Dans l’affaire Bouasse3, la Cour supérieure a conclu que l’employeur n’avait pas démontré qu’il avait congédié son employé pour un motif sérieux (il s’agit ici d’un rendement insuffisant); en effet, ses lacunes et les attentes de l’entreprise à son égard ne lui avaient pas été formulées avec suffisamment de clarté.

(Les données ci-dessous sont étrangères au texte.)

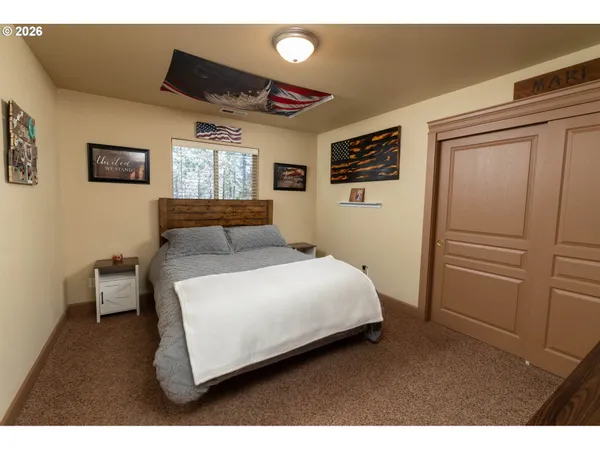 a bedroom with a bed and a refrigerator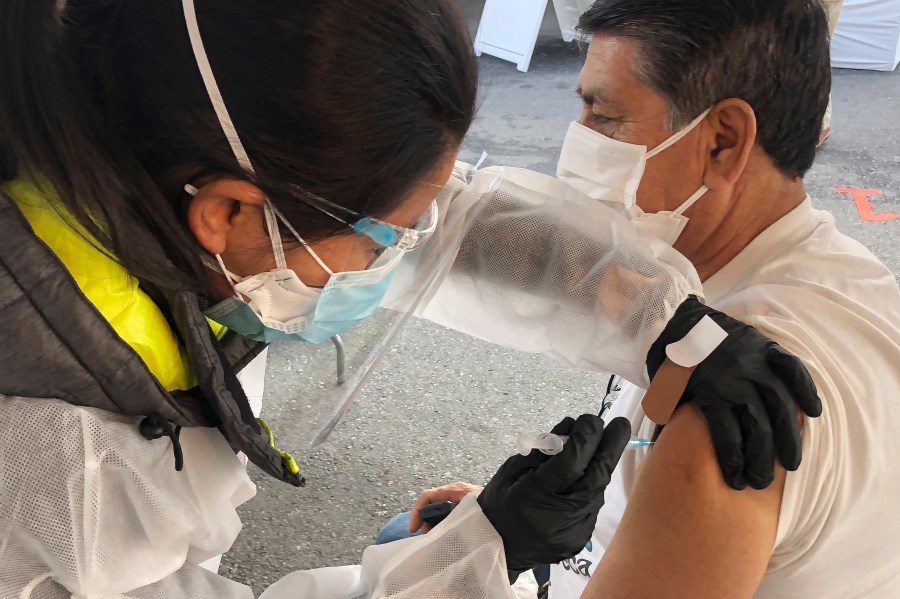 In this Feb. 8, 2021 file photo, a man receives a COVID-19 vaccine shot from a health care worker at a vaccination site in the Mission district of San Francisco. (AP Photo/Haven Daley)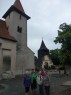 V Malíně před dřevěnou zvonicí a kostelem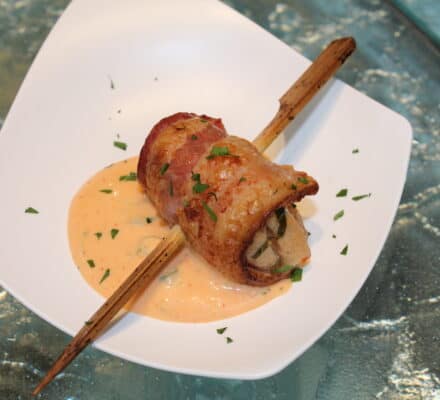 A bacon-wrapped roll stuffed with vegetables is skewered and served on a white plate with a creamy orange sauce, garnished with chopped herbs—perfectly prepared using a luxury kitchen appliance.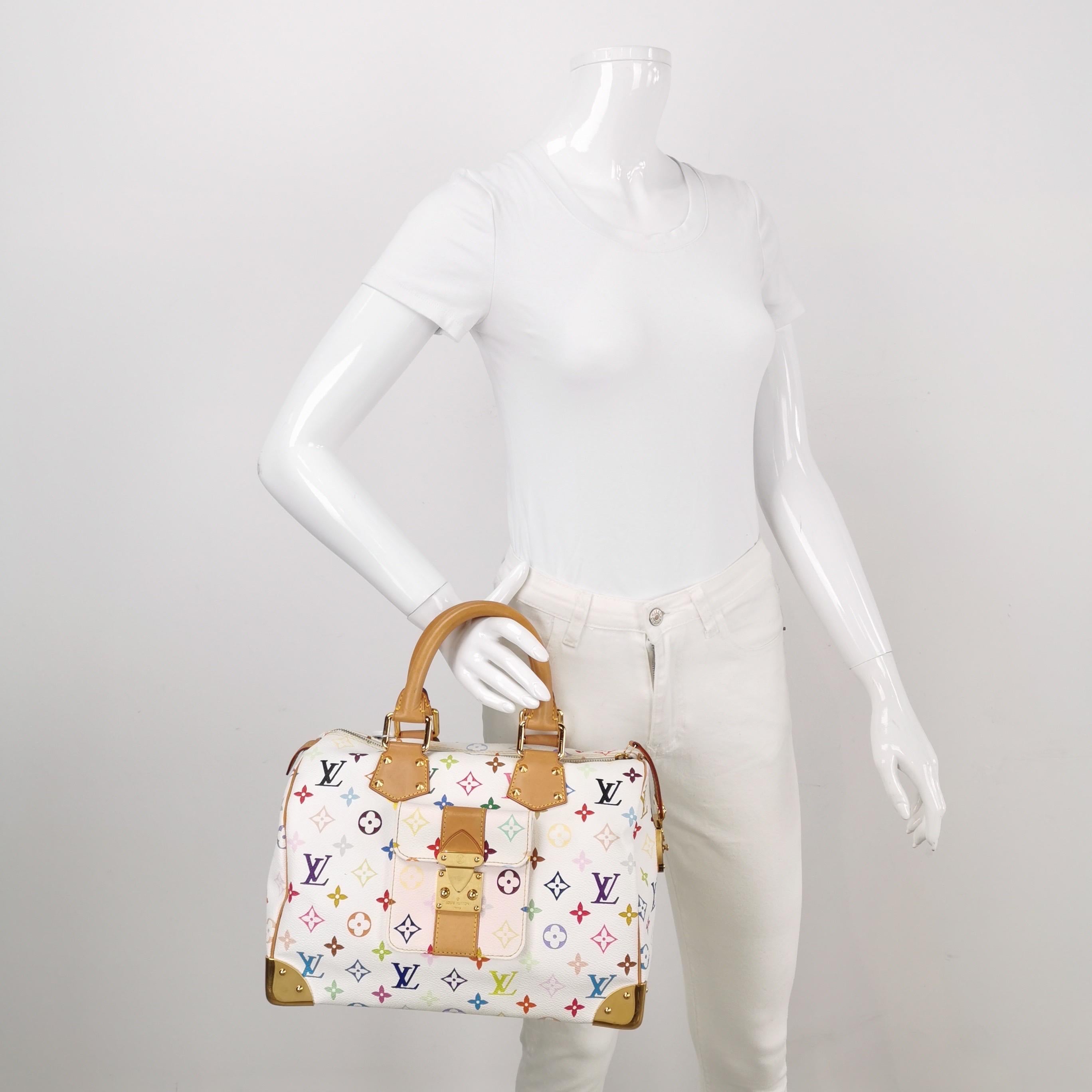 Design by the French fashion house, Louis Vuitton in collaboration with Takashi Murakami.

Condition: VERY GOOD

This authentic preloved/ preowned Louis Vuitton bag is in good condition with moderate signs of use. Water mark on the leather, light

À l’inverse, lorsque l’ensemble des critères énumérés ci-dessus sont respectés, le congédiement est généralement maintenu. Par exemple, dans l’affaire Ravaoarinoro4, l’employeur avait congédié la salariée en raison de son impossibilité à accomplir les tâches liées à son emploi. Le Tribunal administratif du travail a retenu qu’avant son congédiement, la plaignante avait reçu un soutien adéquat de l’employeur et avait été clairement avisée du risque de congédiement si elle n’améliorait pas sa performance au travail. En ce cas, le délai d’environ quatre mois donné par l’employeur à la plaignante pour s’améliorer a été jugé raisonnable5.

Considérations pratiques

Un nombre imposant de décisions sur ce sujet est publié chaque année. Les exemples récents illustrent bien qu’en matière de congédiement administratif pour cause de rendement insuffisant ou d’incompétence, tout employeur doit s’assurer de satisfaire l’ensemble des critères énoncés par la Cour d’appel dans l’affaire Costco. De plus, certains décideurs ajoutent que l’employeur doit démontrer qu’il a agi de bonne foi.

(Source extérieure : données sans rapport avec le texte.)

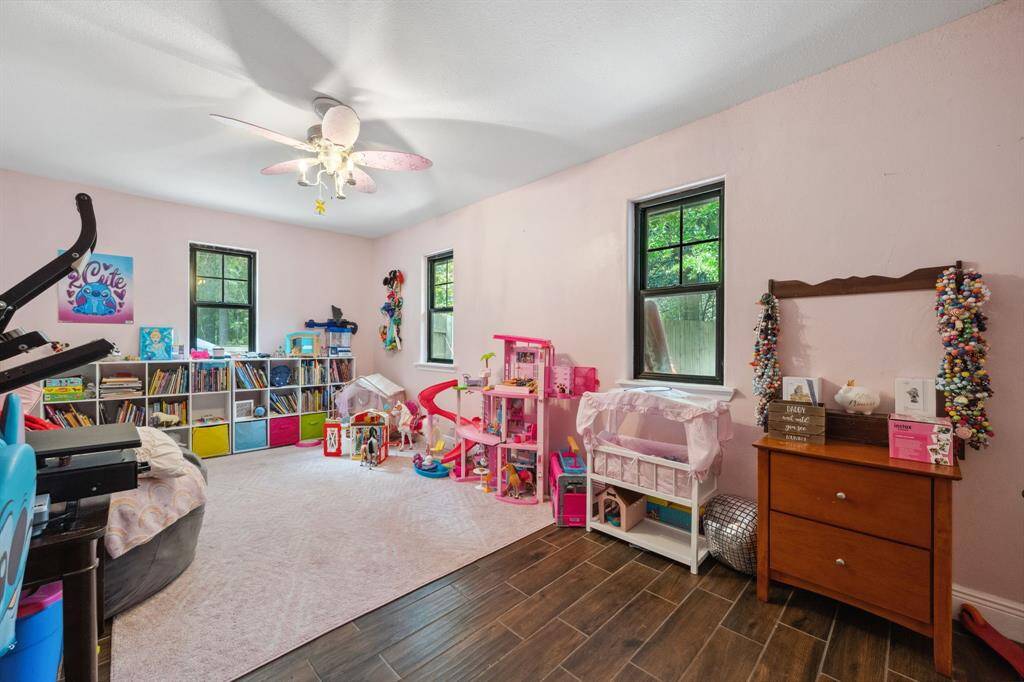 Currently used as a playroom, this is the roomy third bedroom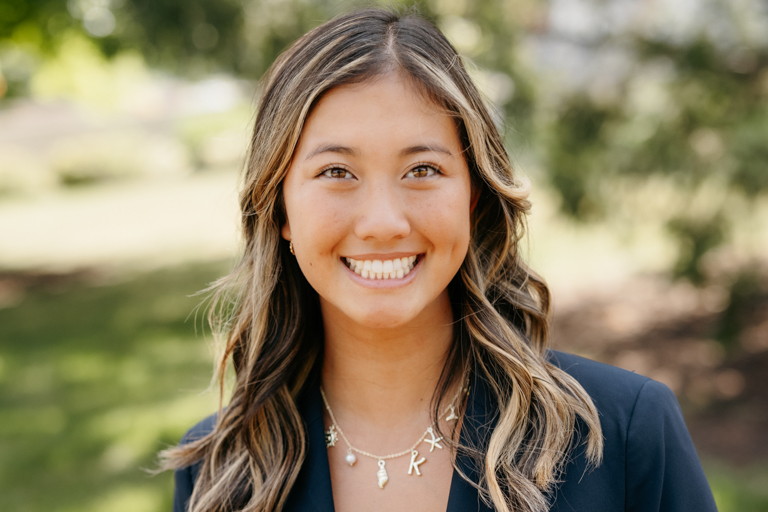 An asian female smiles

Dans de telles circonstances, il faut donc s’assurer de documenter soigneusement :

  • les moyens utilisés pour communiquer les politiques et attentes de l’entreprise à l’employé (courriels, notes de service, accusés de réception, rencontres, etc.);
  • les démarches entreprises pour signaler ses lacunes à l’employé (quand, par qui, sujets discutés lors de rencontres, etc.);
  • les outils et moyens proposés ou mis à la disposition de l’employé pour qu’il puisse s’améliorer (formations, coaching, etc.);
  • les échéanciers convenus (plan d’amélioration de performance);
  • les moyens par lesquels l’employé a été avisé du fait qu’à défaut de s’améliorer, son emploi était en péril (lettres, courriels, notes de rencontres, etc.).

Cet article a été rédigé avec la collaboration de MDave Bouchard, avocat, Lavery avocats

1 2005 QCCA 788.

2 Steward et WSP Canada inc., 2016 QCTAT 2714.

3 Bouasse c. Gemme Canadienne P.A. inc., 2016 QCCS 1263.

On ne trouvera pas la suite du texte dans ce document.